# Are you looking for a free Precious metal auction web site?



## ozcopper (Jun 6, 2008)

Are you looking for a free Precious metal auction web site? Visit www.bullioncity.com You can sell all thing to do with bullion for FREE. This is a great new resource for Gold refining forum members.


----------



## Gotrek (Jun 6, 2008)

I don't get it copper is 3$/lbs but someone on there is selling 1lbs ingot for 27.xx Crazy!


----------



## goldsilverpro (Jun 6, 2008)

Gotrek,

I offered the same logic as you on the realcent forum
http://realcent.forumco.com/topic~TOPIC_ID~3169~SearchTerms~copper.asp

Although it seems goofy to you and I, some people like bright shiny copper bars and are willing to pay a big premium.


----------



## Oz (Jun 6, 2008)

I recently saw a 1 pounder go for 40 some dollars on e-bay. Makes one wonder.


----------



## Gotrek (Jun 6, 2008)

I'm off to melt some copper pipe, harsh on the crucible but I'm sure I can make it back by reselling copper for 3-4 times it's value.
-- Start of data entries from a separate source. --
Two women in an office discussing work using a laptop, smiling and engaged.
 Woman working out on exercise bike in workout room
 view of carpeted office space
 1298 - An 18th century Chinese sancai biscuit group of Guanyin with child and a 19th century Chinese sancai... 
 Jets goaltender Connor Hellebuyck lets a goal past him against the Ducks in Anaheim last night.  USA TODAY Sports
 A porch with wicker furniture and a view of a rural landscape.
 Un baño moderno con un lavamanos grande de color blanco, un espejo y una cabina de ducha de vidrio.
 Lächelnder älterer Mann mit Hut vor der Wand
Wonder how he got the purity to .999 isnt' cathode copper .995 and that's pretty much as good as it gets.


----------



## goldsilverpro (Jun 6, 2008)

999

http://www.sccc.fr/e_prod_compli.htm

Maybe even 999.5

http://www.walsin.com.tw/e-walsin/b/b_1_a.htm


----------



## Gotrek (Jun 6, 2008)

Must be 9995 I forgot a 9  and Stand corrected.


----------